A power supply circuit 33 produces a 5 volt bias voltage from the 6 volt
transformer AC voltage. A bridge rectifier 34 converts the incoming AC
voltage from the secondary winding of the transformer 32 to a DC voltage
of about 6 volts. A smoothing capacitor 35 smooths the DC voltage which is
then transmitted to a voltage regulator 36. The voltage regulator 36,
which is of a type well-known in the art, maintains the DC output voltage
at a predetermined level, in the preferred embodiment 5 volts, by
preventing large fluctuations in the voltage. The regulated voltage is
smoothed by a second smoothing capacitor 37. The regulated 5 volts DC is
used to provide bias voltage to power the CMOS circuitry contained within
the timer. The bias voltage is also used to charge a battery 58 which
provides auxiliary power to certain portions of the timer circuitry when
no power is received from the AC main as will be described in detail
hereinafter.
The AC voltage from the secondary winding of the transformer 32 is also
transmitted to a chopper circuit 38. In the preferred embodiment, the AC
voltage has a frequency of 60 Hz. The chopper circuit 38 removes all of
the negative portions from the 60 Hz voltage signal and chops or removes
the upper part of the positive portions of the 60 Hz signal to form a
series of positive pulses having a rate of 60 pulses per second.
The pulses are received by a first binary counter 40 which receives and
counts the pulses in binary form. Each Q output from the binary counter 40
represents a given output count for a particular binary digit. A pair of
AND gates 39a, 39b are associated with certain outputs of the binary
counter 40 and are triggered when the appropriate number of pulses are
counted by the binary counter 40. In the preferred embodiment, the first
AND gate 39a is enabled when 10,752 pulses are received by the binary
counter 40 and the second AND gate 39b is enabled when 10,800 pulses are
received by the binary counter 40. When the second AND gate 39b is
enabled, a three-minute time segment has elapsed since the time when the
binary counter 40 began to count the pulses. The enabled second AND gate
39b transmits a signal which triggers the clock of a second binary counter
42 to increment the second counter 42 by one every three minutes. The
second AND gate 39b also causes the first binary counter 40 to be reset at
the end of each three minute count.
The second AND gate 39b also transmits three minute pulses to a six minute
flip-flop 51. The six minute flip-flop 51 is activated to provide an
output pulse each time it receives two three minute pulses from AND gate
39b. The six minute flip-flop 51 is associated with an integrated circuit
43.
The integrated circuit 43 is a gate circuit which comprises both a six
minute gate and a three minute gate which are both connected by a NOR
gate. In the preferred embodiment, both the six minute gate and the three
minute gate are three input AND gates. The six minute pulse from the six
minute flip-flop 51 is received by the six minute gate. The second AND
gate 39b transmits the three minute pulses to two of the inputs of the
three minute gate. In the preferred embodiment, the third input of the
three minute gate is defaulted to be positive and is enabled so that the
three minute gate transmits three minute pulses unless it receives a
negative input as will be described in detail hereinafter.
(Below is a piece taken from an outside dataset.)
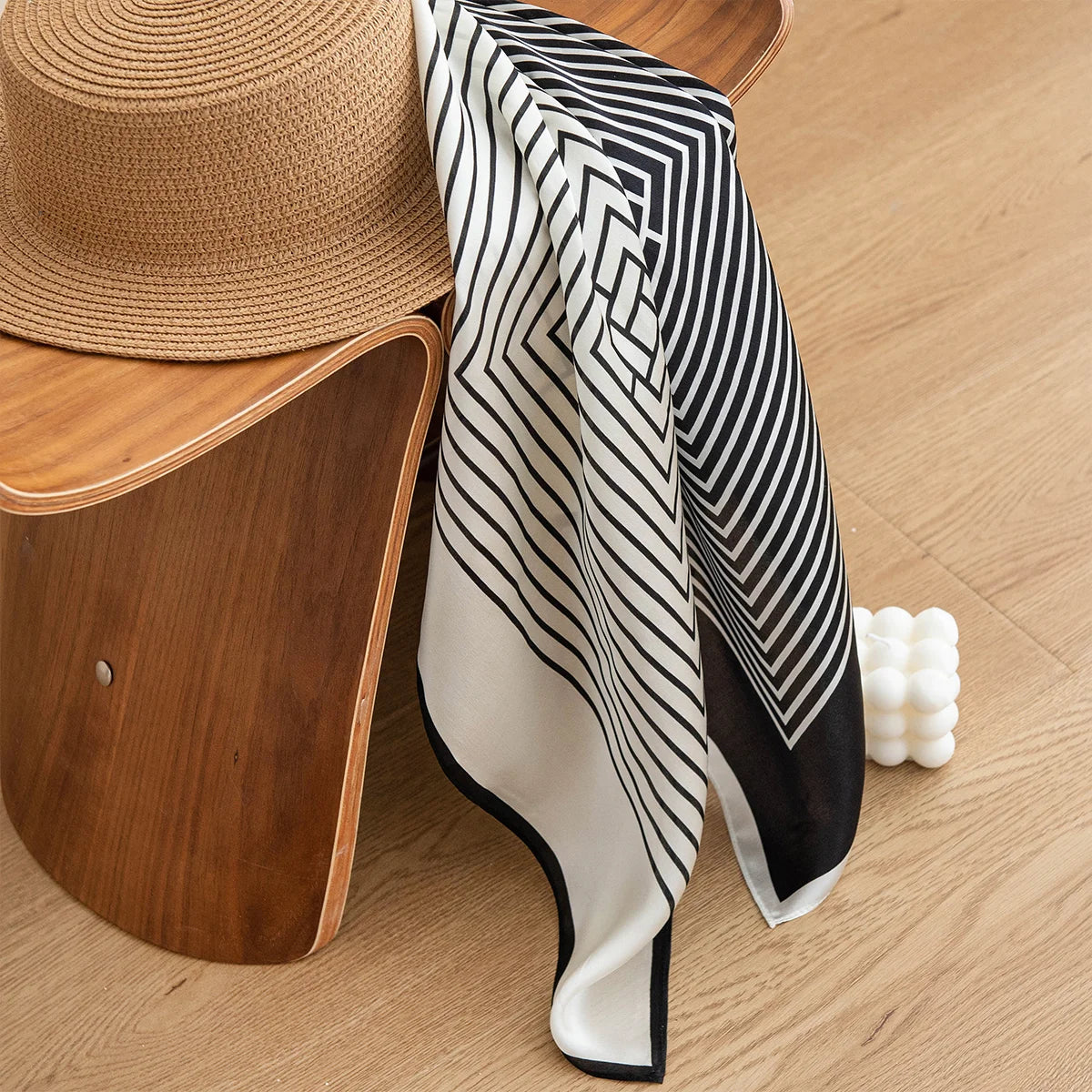 White concentric square Silk Square Scarf draped on hat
Each three minute pulse received by the integrated circuit 43 and passed
through the three minute AND gate is transmitted to a totalizer circuit
50. The totalizer circuit 50 is associated with an LCD display 52 which
displays the total lamp service life usage value which has expired. In the
preferred embodiment, the LCD display 52 displays the expired lamp life
value in tenths of an hour. Each time the totalizer circuit 50 receives a
pulse from the integrated circuit 43, the first digit of the LCD display
52 is incremented by 1. Therefore, during operation of the timer in a
first mode, each time the totalizer circuit 50 receives a three minute
pulse, the LCD display is increased by a tenth of an hour (signifying the
expiration of six minutes of lamp life) when in reality only three minutes
of time has actually elapsed.
In addition, a six minute pulse is transmitted to a tenth of an hour
counter 53 associated with an accumulator 54 for each three minute pulse
received by the integrated circuit 43 which causes the tenth of an hour
counter 53 to be incremented by six minutes or a tenth of an hour for each
three minute time segment which has actually elapsed. When the tenth of an
hour counter 53 receives ten six minute pulses, a pulse is transmitted to
the accumulator 54 which is preferably an hour counter. Therefore, the
tenth of an hour counter 53 and the accumulator 54 also records twice as
much time as has actually elapsed.
The second binary counter 42 receives a clock pulse each time a three
minute pulse is generated from the second AND gate 39b. The second binary
counter 42 is associated with three AND gates 41a, 41b, 41c which in turn
are each associated with one of a set of three flip-flops 44, 46 and 48.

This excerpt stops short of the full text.